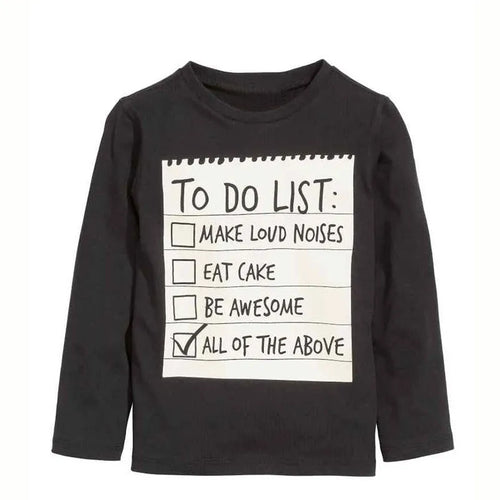 Boys cotton two-piece clothing set with long sleeve t-shirt and pants featuring printed letter pattern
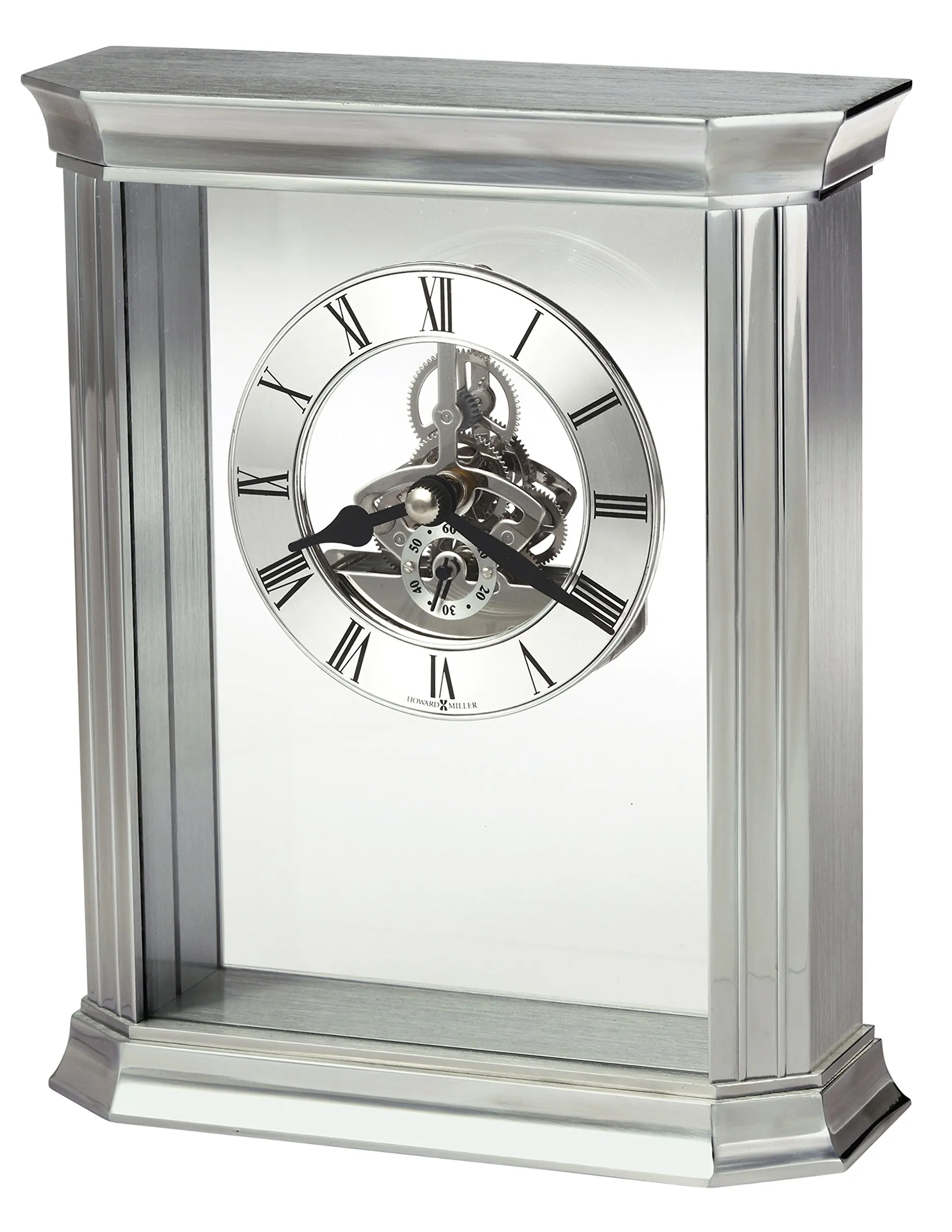 Rothbury Silver Tabletop Clock – Skeleton Movement, Roman Numerals, Battery Operated Desk & Mantel Clock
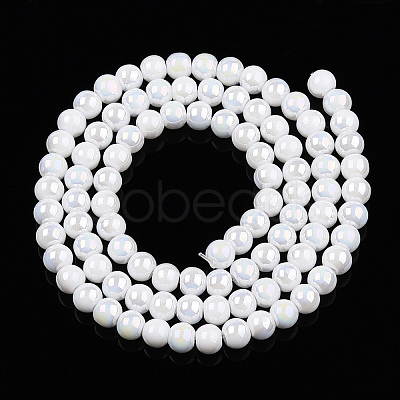 Electroplate Opaque Glass Beads Strands X-GLAA-T032-P4mm-AB02-1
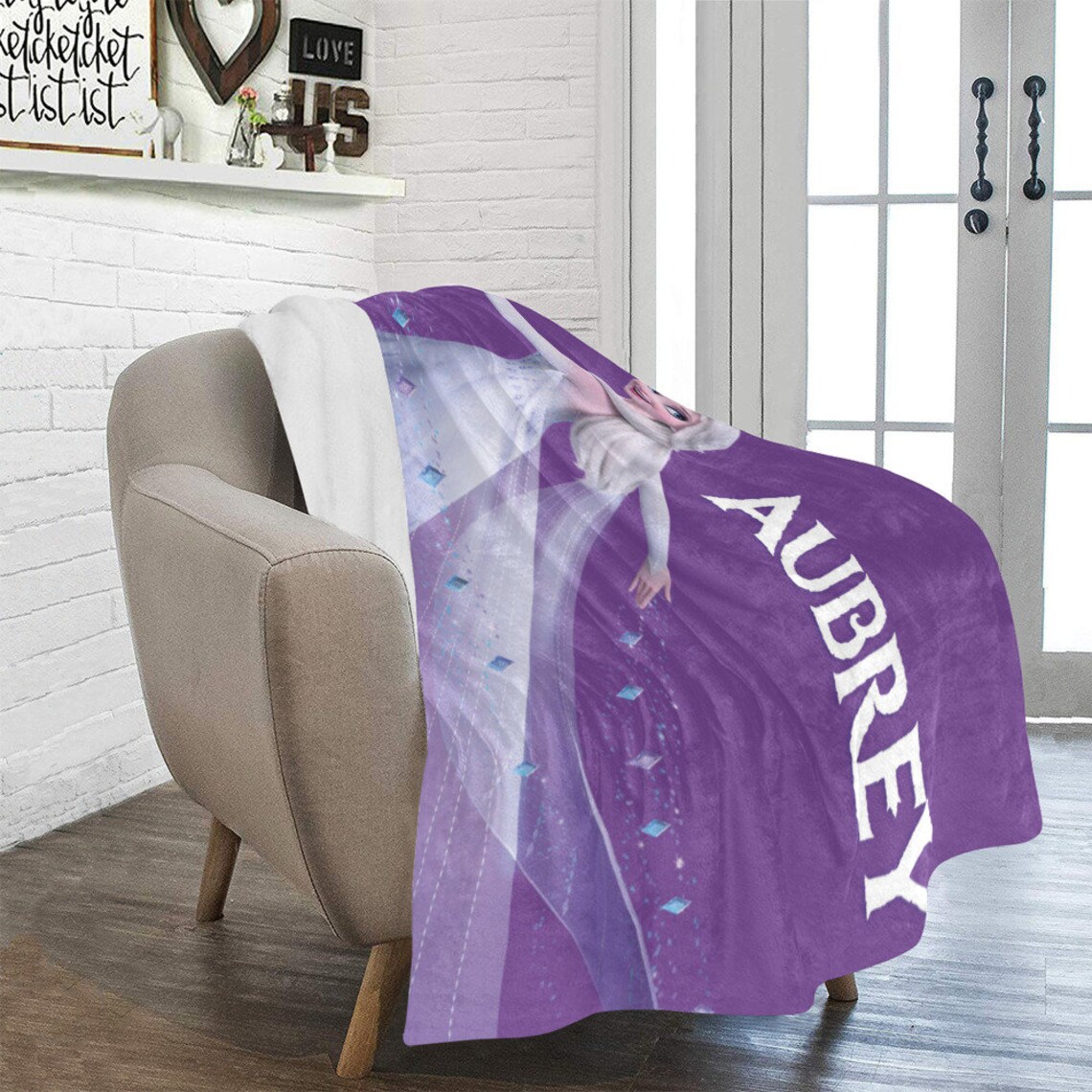 Frozen Blanket Elsa Blanket Custom Elsa Gift Frozen Throw Etsy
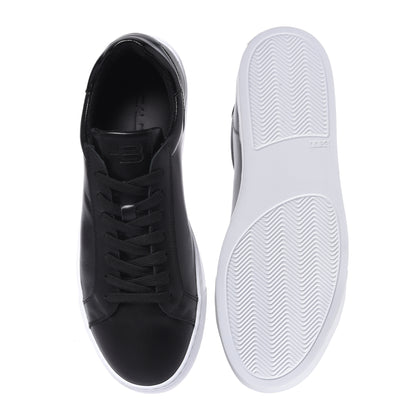 Black leather and sanded leather sneakers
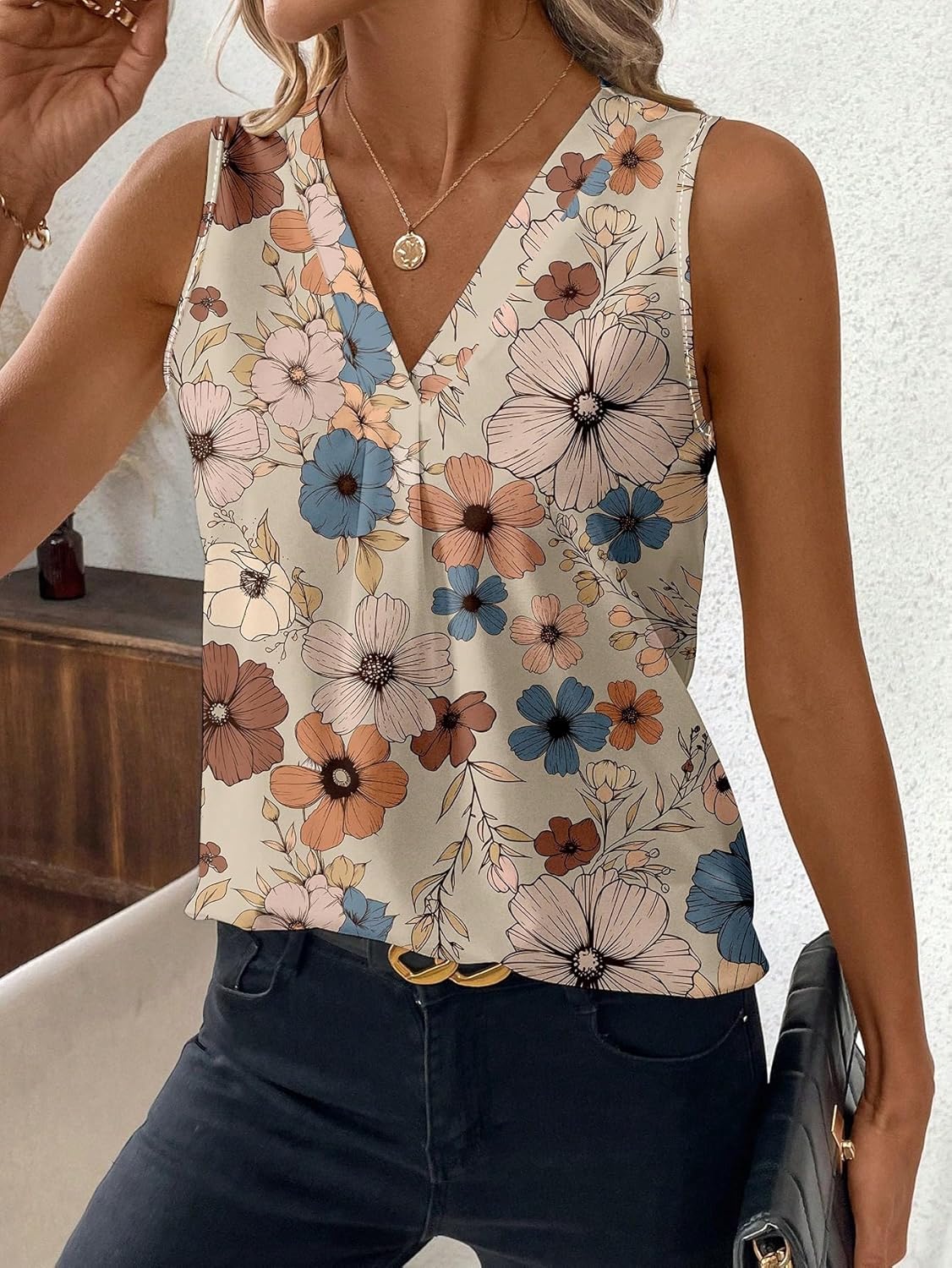 Printed Rayon Sleeveless Top for Women WesternStitch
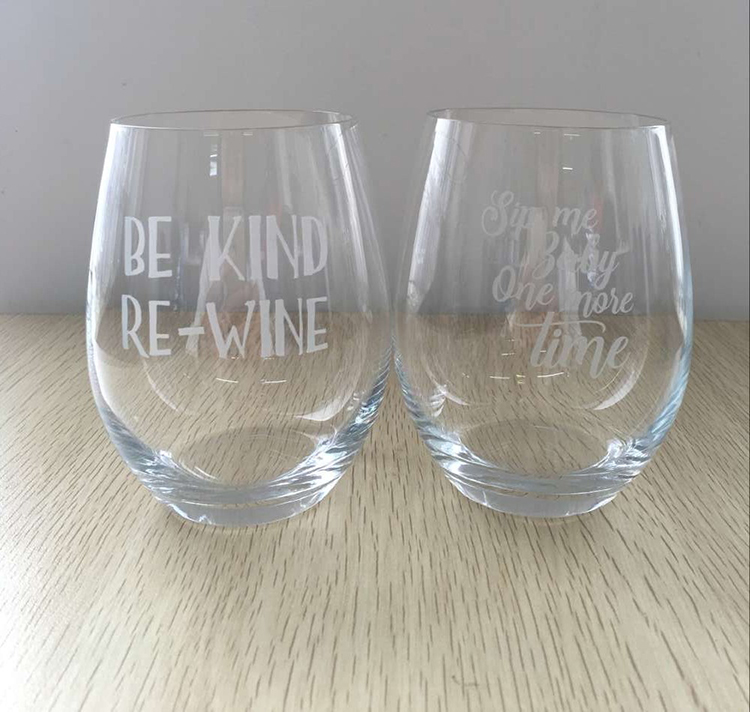 Wholesale transparent handmade custom wine glasses stemless wine glass set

^^^^^^^^^^^^^^^^

• Action item: The expected output is an exact retyping of the lines from the line with "Black leather and sanded leather sneakers" through the last line of the data, with both ends kept and the pictures dropped.

• Task response:
 Black leather and sanded leather sneakers
 Printed Rayon Sleeveless Top for Women WesternStitch
 Wholesale transparent handmade custom wine glasses stemless wine glass set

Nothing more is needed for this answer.